The President, 71, received a perfect score, the doctor said Tuesday during an extraordinary hour-long questioning session at the White House. And despite high cholesterol and borderline obesity, he declared Trump is in "excellent" health.
"I've got to know him pretty well. And I had absolutely no concerns about his cognitive ability or his, you know, his neurological function," Dr. Ronny Jackson told reporters from the briefing room. He said he hadn't initially planned to administer the screening for neurological impairments, but did so at Trump's asking.
"I've found no reason whatsoever to think the President has any issues whatsoever with his thought processes," Jackson said later.
The assessment was one in a series of rosy readings that Jackson offered about Trump's health after examining him for more than four hours last week. In a remarkable show of transparency for an administration known for its secret-keeping, Jackson stood at the White House podium for an hour Tuesday answering questions about the President's health.

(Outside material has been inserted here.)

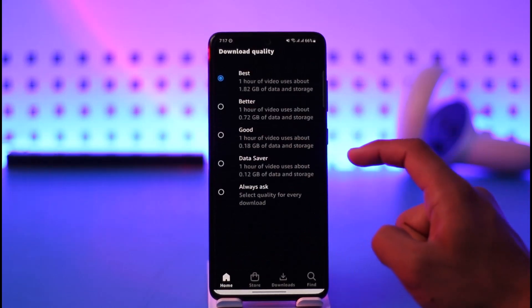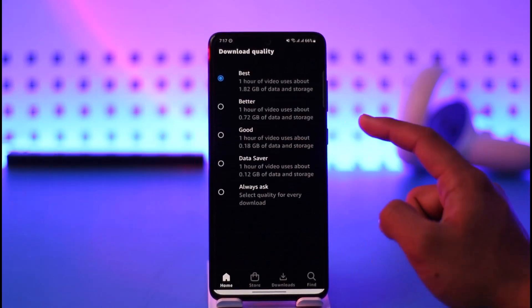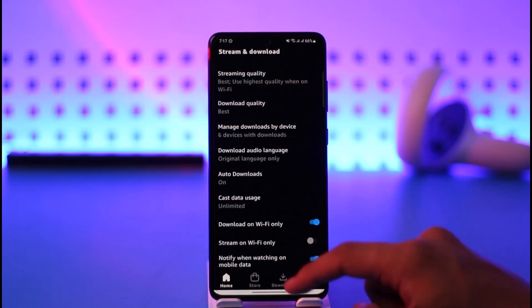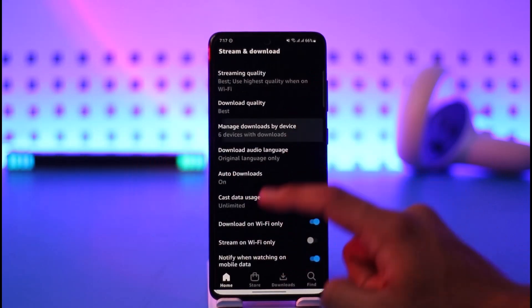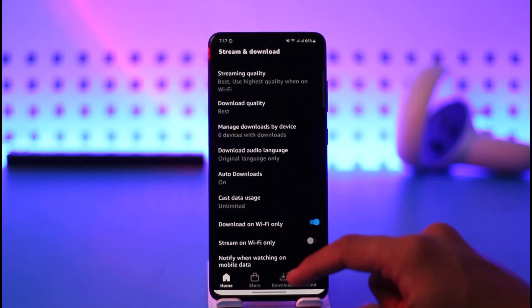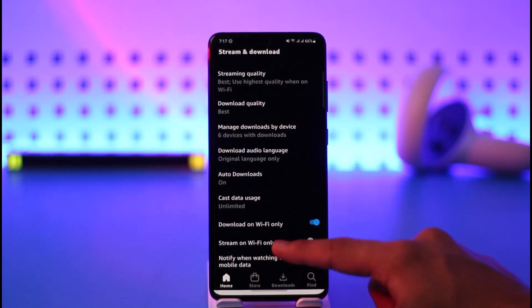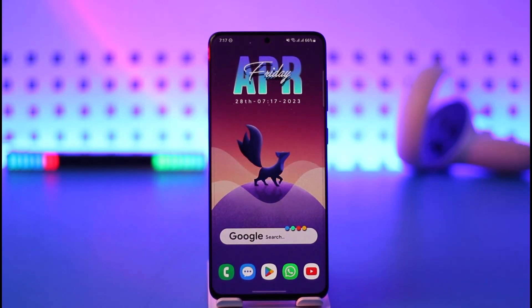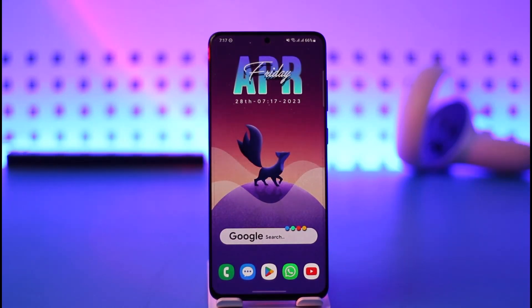If you want to set your download quality, select Download Quality and here also you can set it to Best. You can also manage download by device. And that's simply it on how you can fix video quality on Amazon Prime Video.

He said the performance had been requested by Trump himself, who had told him to answer every query about the exam in an attempt to put to rest questions about the President's physical and mental fitness.

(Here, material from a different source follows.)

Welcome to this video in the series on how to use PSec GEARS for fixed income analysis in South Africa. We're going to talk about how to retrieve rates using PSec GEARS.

Trump "was watching and liked it," an official said after the briefing.
Despite what he said were concerns about Trump's weight, diet and exercise levels, Jackson declared the President in "excellent" health, which he predicted would hold up for the remainder of his term.
Trump weighs 239 pounds, Jackson said, three pounds more than he weighed in 2016. Standing at 6 feet, 3 inches, Trump is just below the "obese" range on the body mass index.
Since 2016, when Trump last released medical information, his overall cholesterol levels have increased from 169 to 223. The so-called "bad cholesterol" is now at 143, up from 94 during his last exam. And his blood pressure, at 122 over 74, is considered elevated.
"If you look at the areas where Dr. Jackson focused, on heart disease, which is understandable given the President's age, basically all of the numbers, the objective numbers that we could compare this year to last year, have become a little worse," said Dr. Sanjay Gupta, CNN chief medical correspondent. "He is gone in the wrong direction, and we're seeing now the impact in these particular tests of his lifestyle."
Jackson said Trump's heart exams, which included a stress test and an echocardiogram, were normal. But pressed by Gupta about calcium levels in Trump's arteries, Jackson conceded that those, too, were elevated.
Jackson said that during the exam he and Trump discussed his diet, setting a goal of losing 10-15 pounds. The gym facilities in the White House residence will be renovated to Trump's specifications, Jackson said, and first lady Melania Trump will be enlisted to help him stick to the new regimen.
A nutritionist has been brought into the White House kitchens to consult with the chefs there on ways to limit Trump's intake of calories, including by cutting fats and carbohydrates. And Jackson has upped Trump's dosage of Crestor, a cholesterol-lowering statin.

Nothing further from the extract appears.